WASHINGTON'S LEADING BUSINESS MAGAZINE

Titans of Tomorrow: F5 Networks

Expanding into new growth markets.
Gianni Truzzi |   January 2013   |  FROM THE PRINT EDITION
John McAdam, president and CEO of F5 Networks.

F5 nearly collapsed during the dot-com bust when the biggest customers for its software started going bankrupt, one after the other. The company reinvented itself and now has more than 3,000 employees and over $1 billion in sales. It builds software and hardware which, when placed in a client company’s computer network, helps  data to be processed more efficiently and applications to work more effectively. Customers such as Facebook use hundreds of thousands of dollars worth of F5 equipment. The company now has a 60 percent share of the application delivery controller market. Rival Cisco acknowledged F5’s dominance when it pulled out of the market last September. F5, as the market leader, should win over a big share of those Cisco customers as they turn to new suppliers, and F5 has bolstered its sales team to make sure that happens.
The company could benefit greatly from several technology trends. “We are in the sweet spot of lots of global developments in technology, from virtualization and cloud computing to mobile,” says John McAdam, CEO.

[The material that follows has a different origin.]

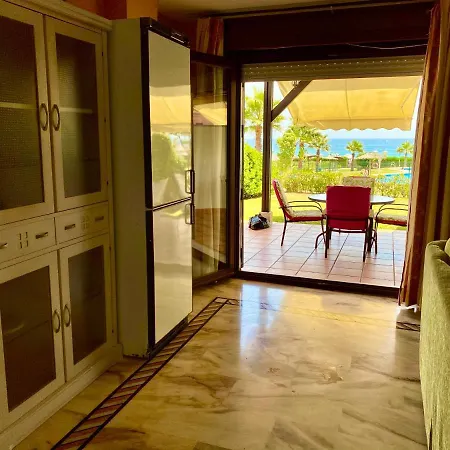 Magnifico Primera Linea De Playa Manilva Holiday home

F5 expanded into the mobile space with the acquisition early last year of Israel-based Traffix Systems, a strong player in supplying technology that helps mobile systems communicate over fourth-generation mobile networks. Consequently, F5’s software now plays a key role in helping the world’s mobile service providers better handle the growing load of data traffic passing through their systems.

But those markets are only worth a few billion dollars. What makes F5’s future really promising is its move into the $15 billion market for providing network security.  Because of F5’s deep knowledge of how its customers’ networks operate, it can add security features more efficiently and without slowing down the transfer of data. At least one city police department uses F5 software to encrypt data traffic. And many enterprises want to offer employees and customers the opportunity to tap into their corporate computer systems without compromising security.